Ben, bu ve benzeri sorulara tatminkar bir cevap bulamazken “Ayetül-Kübra” risalesinin üçüncü hakikatindeki birinci sırla karşılaştım. Burada, Üstad Hazretleri, benim böyle bir soruyla karşı karşıya kalacağımı sanki biliyor da o soruma cevap veriyor. Bilmana diyor ki: “Bir şey, bir özellik zatında var olsa, onun aksi ona ârız olamaz. Çünkü böyle olması halinde, iki zıddın bir araya gelmesi anlamına gelir ki, o da imkansız bir şeydir.”
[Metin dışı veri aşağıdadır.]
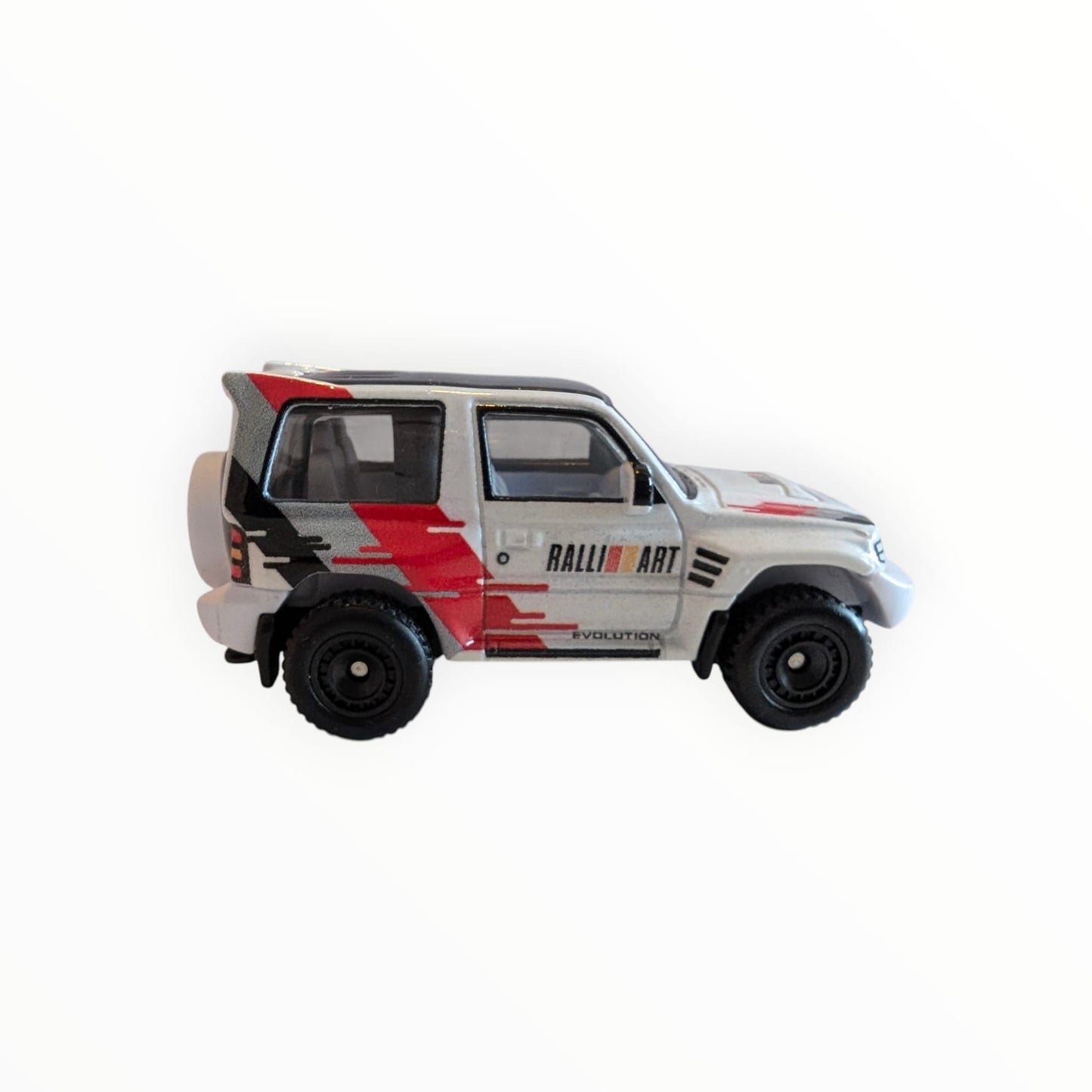 Hot Wheels Premium Boulevard #133 – Mitsubishi Pajero Evolution – Ralliart – Weiß/Rot – Real Riders – Full Metal Body – lose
İşte bu sırra binaen diyebiliriz ki, madem Cenab-ı Hakk’ın (cc) ilâhi kudreti zâti sıfatlarındandır ve Zat-ı Akdes’de bulunması gereken bir özelliktir; elbette o kudretin zıddı olan acz, o Zât-ı Kadîr’e ârız olması mümkün olmaz.
“Madem ki bir şeyde mertebelerin bulunması, o şeyin içinde zıddının müdahele etmesi iledir. Örneğin, ışığın şiddetli ve zayıf olması gibi mertebeleri karanlığın müdahele etmesi ile ve sıcaklığın fazla ve aşağı dereceleri soğuğun karışması ile ve kuvvetin şiddet ve noksan miktarları karşı koyma, önleme ve mani olmayladır. Elbette Cenab-ı Hakk’ın zatında bulunan kudretinde de mertebeler bulunmaz. Bütün eşyayı bir tek şey gibi icad eder. Madem o kudret-i zatiyede mertebeler bulunmaz ve zaaf ve noksan olamaz; elbette, hiçbir icad ona ağır gelemez.”
Üstad Bediüzzaman’a ait olan yukarıdaki bu ifadelerden de anlaşılacağı üzere bir sıfatın şayet zıddı yoksa ve o sıfat da mutlakiyet ifade ediyorsa, zaten böyle bir soru yanlış sorulmuş olur. Çünkü mutlak kudrete acziyet izafe edilmiş olmaktadır.
Bu sorunun başka bir diğer boyutu daha var. Bu soru aslında ta başından yanlıştır. Çünkü, Cenab-ı Hakk’ın kendisinin de kaldıramayacağı bir taş veya bir şey yaratması demek, her şeyden münezzeh olan Allah’a (cc) cismaniyet izafe etmek demektir. Bizler insan olarak yaratılışımız icabı aciz bir varlığız. Her şeyi yapmaya gücümüz yetmez, gücümüz sınırlıdır… Kaldırır veya kaldıramaz dememiz (haşa) Cenab-ı Hakk’ı da bizim gibi bir cisimden teşekkül etmiş olduğunu kabul ettiğimiz anlamına gelir.
Böyle bir kıyaslama ise çok yanlış olan bir şeydir. Çünkü Cenab-ı Hakk yarattığı mahlukatından hiçbirisine, ne şekil itibariyle ne de vasıf itibariyle benzer. Kudretine hiçbir şekilde acziyet müdahele edemez. O’nun için bir ile bin aynıdır. En büyük bir şeyi en küçük bir şey gibi kolay ve rahat yapar. Nasıl ki muvazenede bulunan iki dağın muvazenesini bir ceviz tanesi birini aşağıya indirir diğerini yukarıya kaldırır. Aynen öyle de tüm eşyayı aynı suhulette icad ve inşa eder. Çünkü, kudret nihayetsizdir. Acizlik hiçbir zaman mutlak kudreti kapsama altına alamaz, ona müdahele edemez.